Александр Лавров - Символисты и другие. Статьи. Разыскания. Публикации
В списке «Люди, имевшие для меня величайшее значение» (в рубрике «Ровесники», включающей 12 имен) Киселев на первом месте указал: «Б. Н. Бугаев».[1252] В свою очередь и Андрей Белый не раз упоминает Киселева в ряду лиц, образовывавших «целое душ, кровно связанных»,[1253] и отмечает особенную духовную близость с ним в 1910 г.[1254] – в пору, непосредственно предшествовавшую средиземноморскому путешествию.
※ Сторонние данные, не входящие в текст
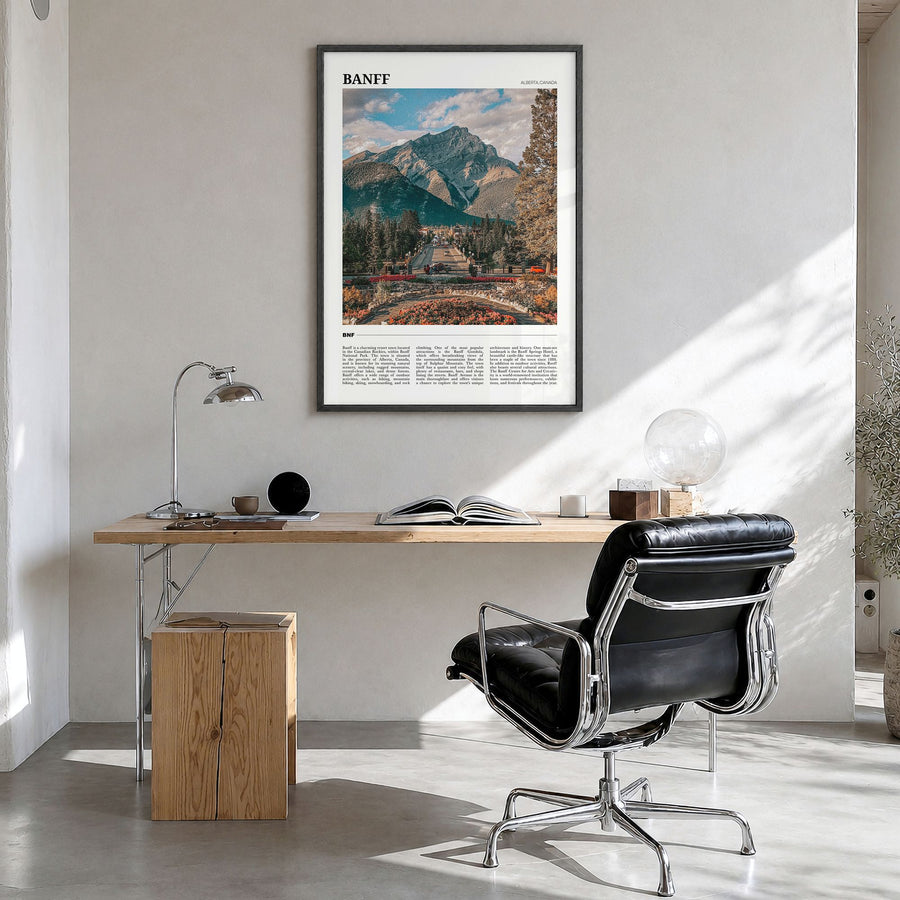 Banff Travel Poster in a black wood frame, hanging in a bright home office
Естественно, что Киселев, с которым Белый время от времени переписывался начиная с 1905 г., оказался в числе тех корреспондентов, с кем он готов был делиться своими новыми впечатлениями и переживаниями.
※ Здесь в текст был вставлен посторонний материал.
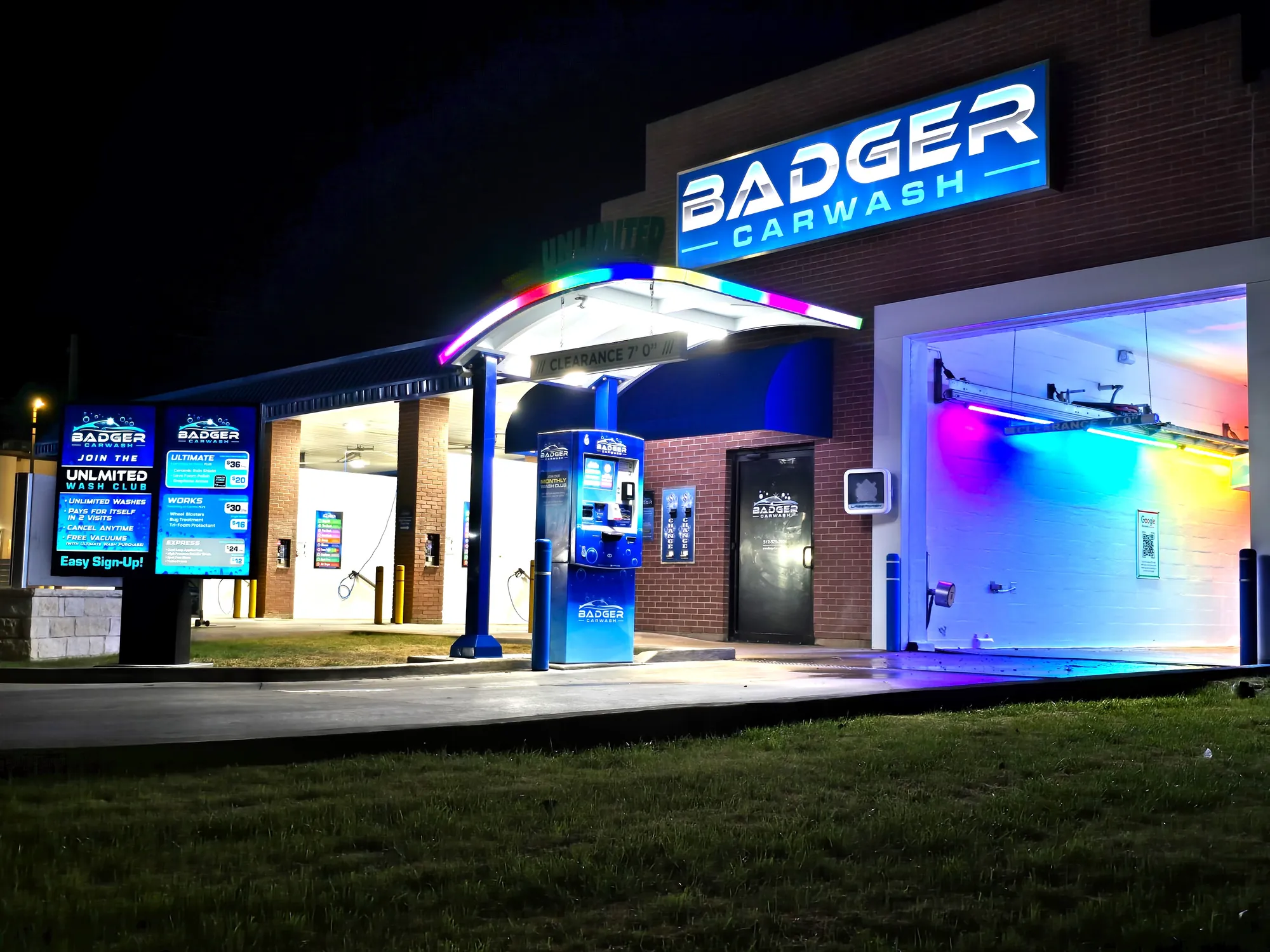 Badger Carwash automatic wash and self-serve bays illuminated at night in Lampasas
Первое в этом ряду писем к Киселеву – открытка (с фотографией: «Palermo. Chiesa di S. Francesco d’Assisi, costruzione di stile gotico»), отправленная из Палермо, по-видимому, 19 декабря 1910 г. (почтовый штемпель прочитывается неотчетливо) и полученная в Москве по адресу «Мусагета» 12/25 декабря:
Милый Николай Петрович!
Привет! Вена – туманна; Венеция – жемчужина в туманном атласе; Неаполь – злой, пестрый арлекин в прекрасном наряде, курящий трубку (Везувий). Средиземное море – ласковое; Палермо – прекрасен, добродушен и бестолков. Но солнце, море, апельсины, цветы – ласкают. Привет: все хорошо. Целую.
Борис Бугаев.
От Аси привет. Супруге[1255] Вашей привет. Всему привет!
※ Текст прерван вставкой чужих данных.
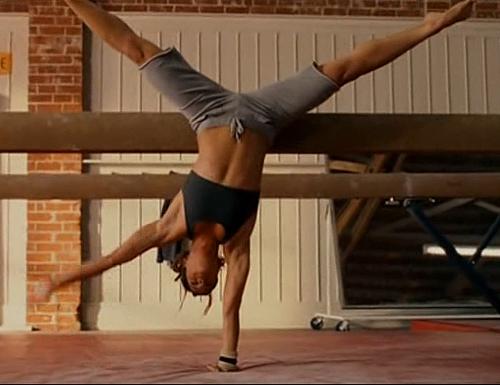 Missy Peregrym in "Stick It" - Missy Peregrym doing a handstand in practice in the movie "Stick It."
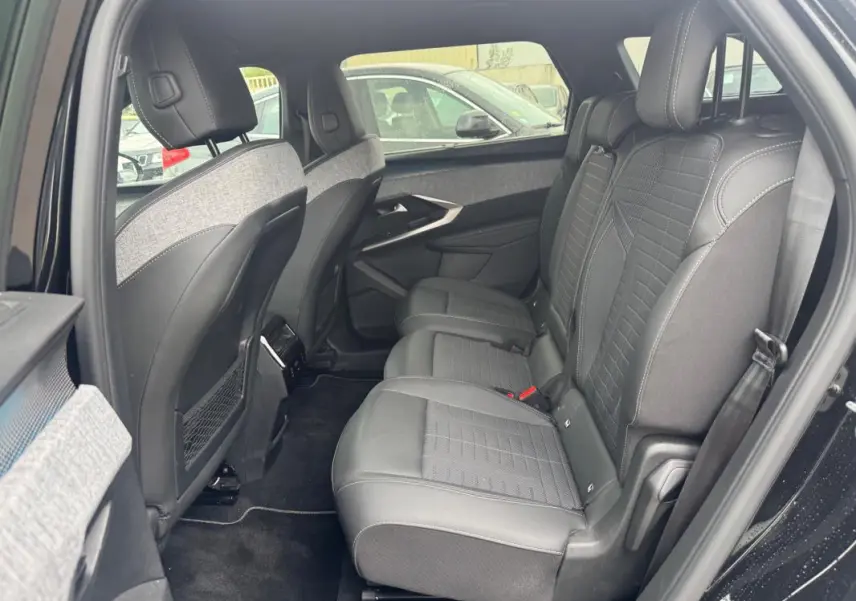Vue intérieure côté droit des sièges arrière en cuir noir et tissu gris du Peugeot 5008 Hybrid 2025 avec appuie-têtes et ceintures visibles.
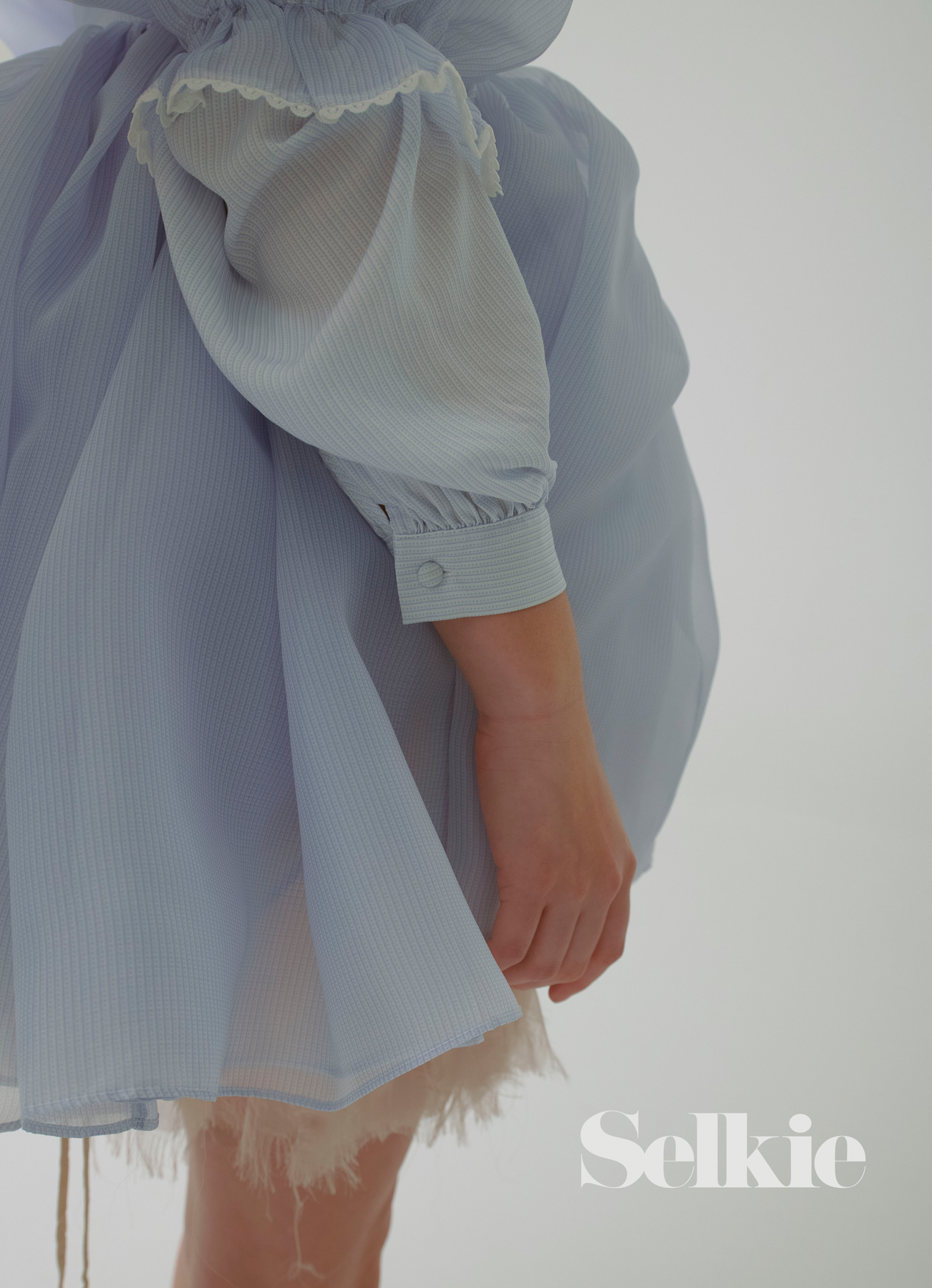 This pretty little pinstripe blouse made from 100% rayon is cool to the touch and looks beautiful worn buttoned up or down.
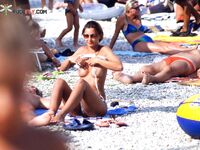 Striped Towel Across Her Lap on a Wooden Beach Lounger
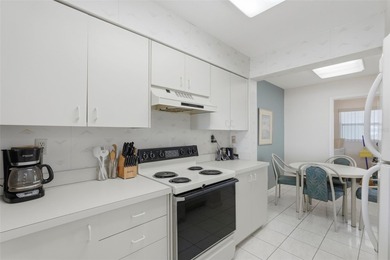 Isla del Sol Penthouse with Sweeping Water Views! Soaring above on Isla Del Sol Yacht and Country Club in Florida - for sale on GolfHomes.com, golf home, golf lot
За этой открыткой последовала еще одна – из Монреале (отправлена 28 декабря 1910 г., получена в Москве 20 декабря ст. ст.); фотография на ней дает панораму Монреале, на которой Белый обозначил буквенные указания, проясненные в тексте:
Милый Николай Петрович!
Привет. Все хорошо. Вот вид Монреаля, где мы теперь живем. Дико, грозно, странно, много арабского вокруг; но – хорошо Все помню… (а) веранда плоской крыши, где мы живем. (b) Монреальский собор 12 века с лучшей мозаикой в мире; сплошь мозаичный. Ну, Христос с Вами.
Любящий Б. Бугаев.
P. S. Вашей супруге привет.
Более развернутый рассказ содержится в следующем письме, от 13/26 января 1911 г. (Maxula-Rades), полученном в Москве 21 января ст. ст.:
Милый, близкий
Николай Петрович,
пишу Вам с чувством некоторого беспокойства. Как? Все ли благополучно. Хотел бы от Вас иметь хотя бы несколько слов….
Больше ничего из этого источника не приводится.